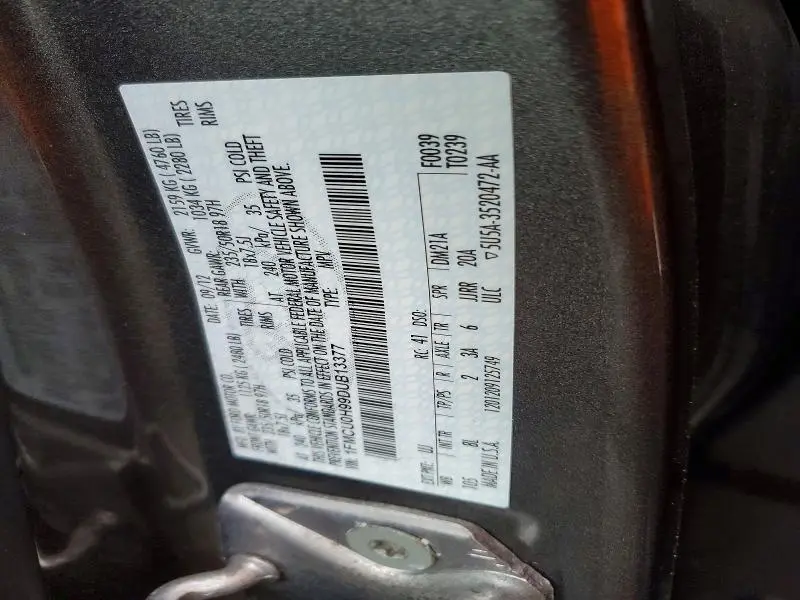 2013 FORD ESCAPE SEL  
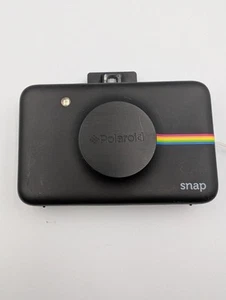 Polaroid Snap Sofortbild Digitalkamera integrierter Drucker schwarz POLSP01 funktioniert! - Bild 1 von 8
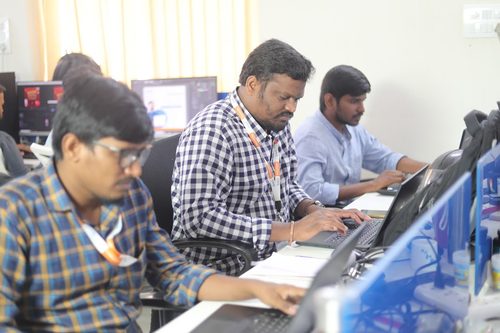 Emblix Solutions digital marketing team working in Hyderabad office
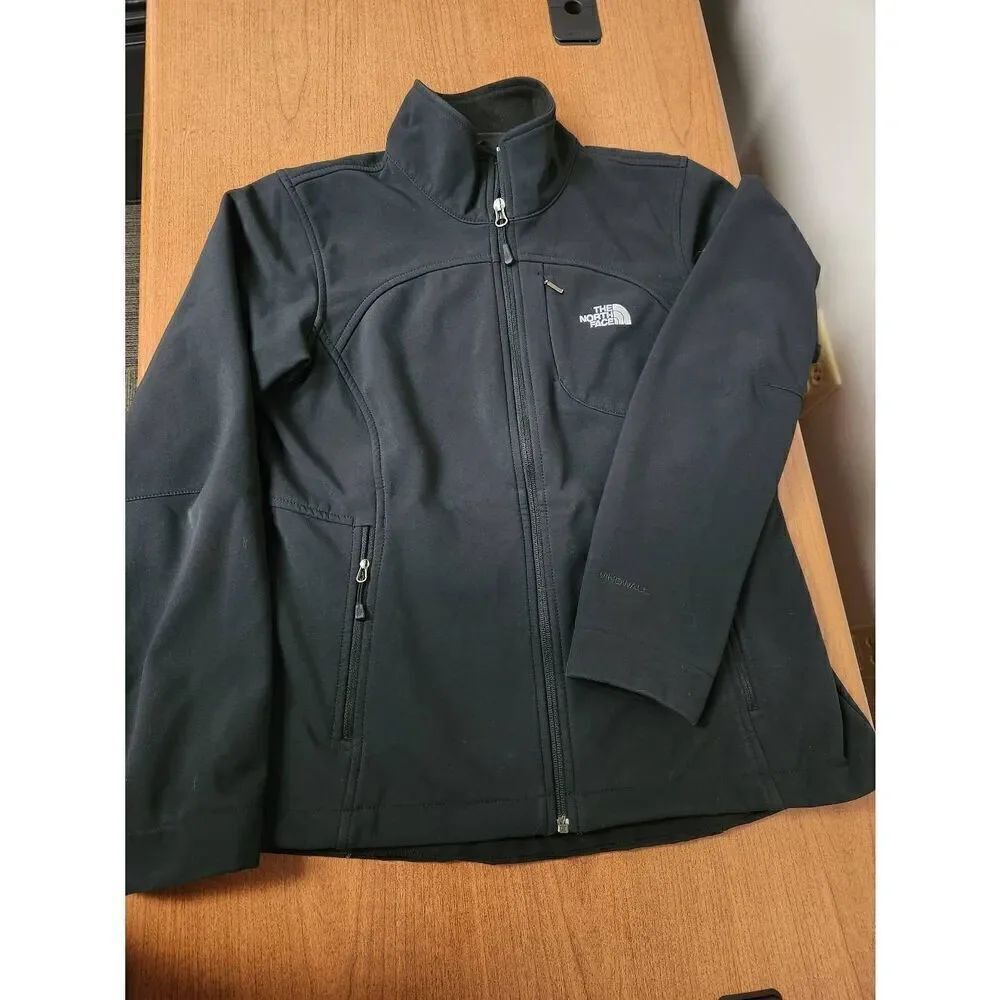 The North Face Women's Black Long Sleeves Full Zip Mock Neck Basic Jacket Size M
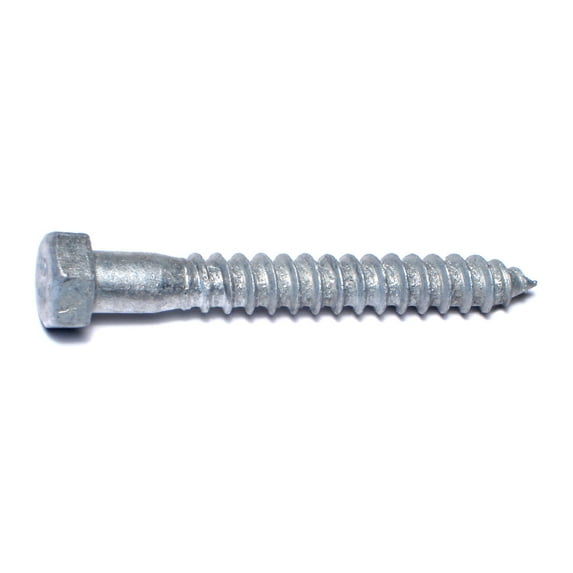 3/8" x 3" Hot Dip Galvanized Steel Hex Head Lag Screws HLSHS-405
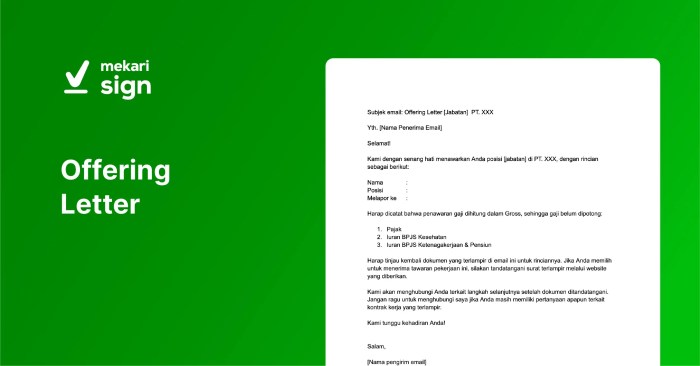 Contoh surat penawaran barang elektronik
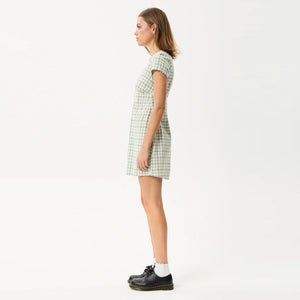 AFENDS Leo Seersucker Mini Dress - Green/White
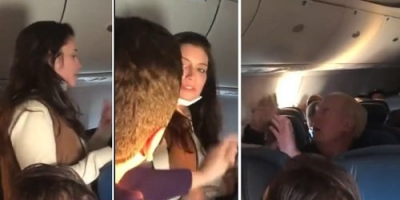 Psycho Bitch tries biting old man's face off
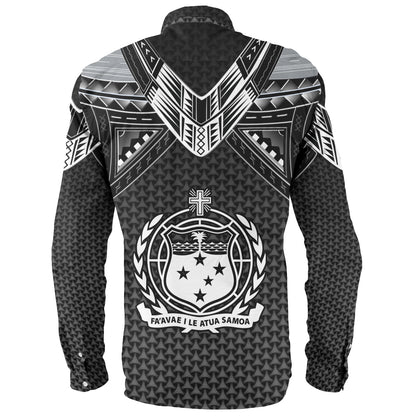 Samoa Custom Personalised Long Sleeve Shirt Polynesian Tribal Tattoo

==*==

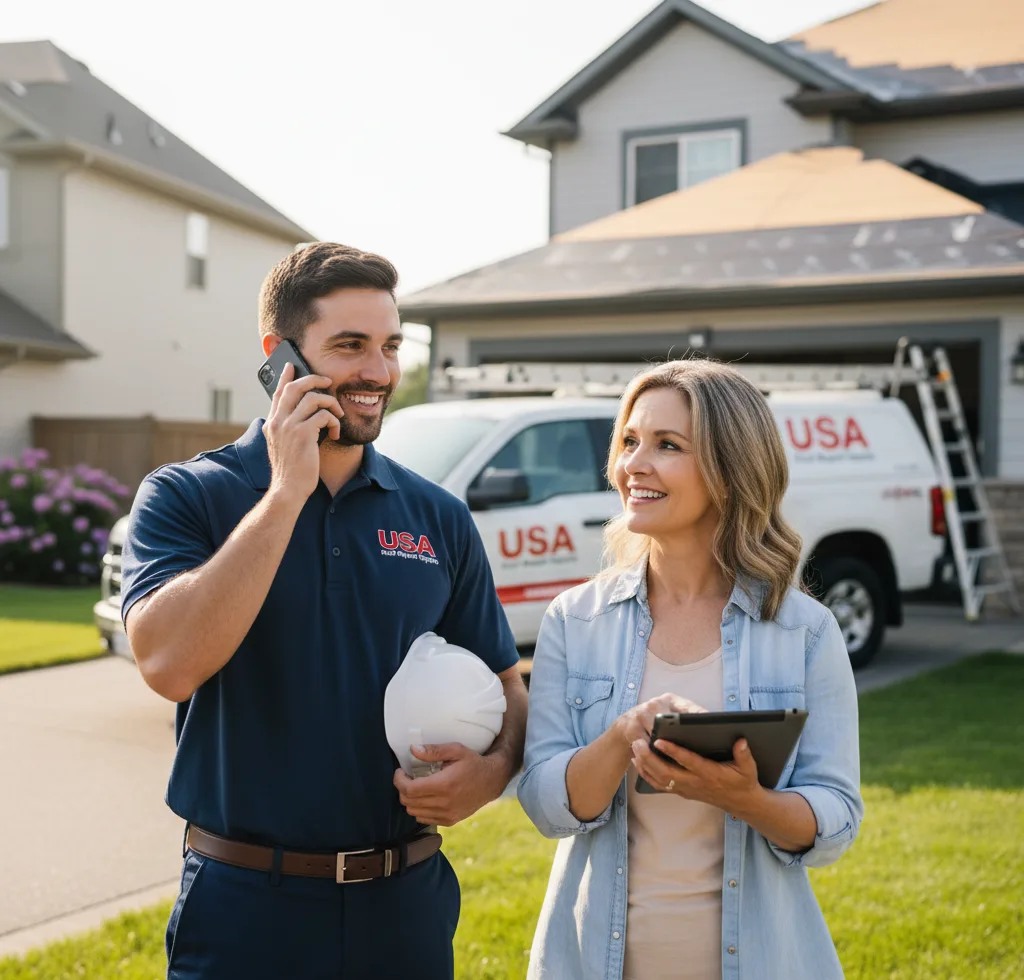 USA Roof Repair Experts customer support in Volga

==*==

EXERCISE GOAL:
Using the records above, return word for word the lines that begin at the one containing "Polaroid Snap Sofortbild" and end at the one containing "Samoa Custom Personalised", both of them included and no pictures.

RESPONSE:
 Polaroid Snap Sofortbild Digitalkamera integrierter Drucker schwarz POLSP01 funktioniert! - Bild 1 von 8
 Emblix Solutions digital marketing team working in Hyderabad office
 The North Face Women's Black Long Sleeves Full Zip Mock Neck Basic Jacket Size M
 3/8" x 3" Hot Dip Galvanized Steel Hex Head Lag Screws HLSHS-405
 Contoh surat penawaran barang elektronik
 AFENDS Leo Seersucker Mini Dress - Green/White
 Psycho Bitch tries biting old man's face off
 Samoa Custom Personalised Long Sleeve Shirt Polynesian Tribal Tattoo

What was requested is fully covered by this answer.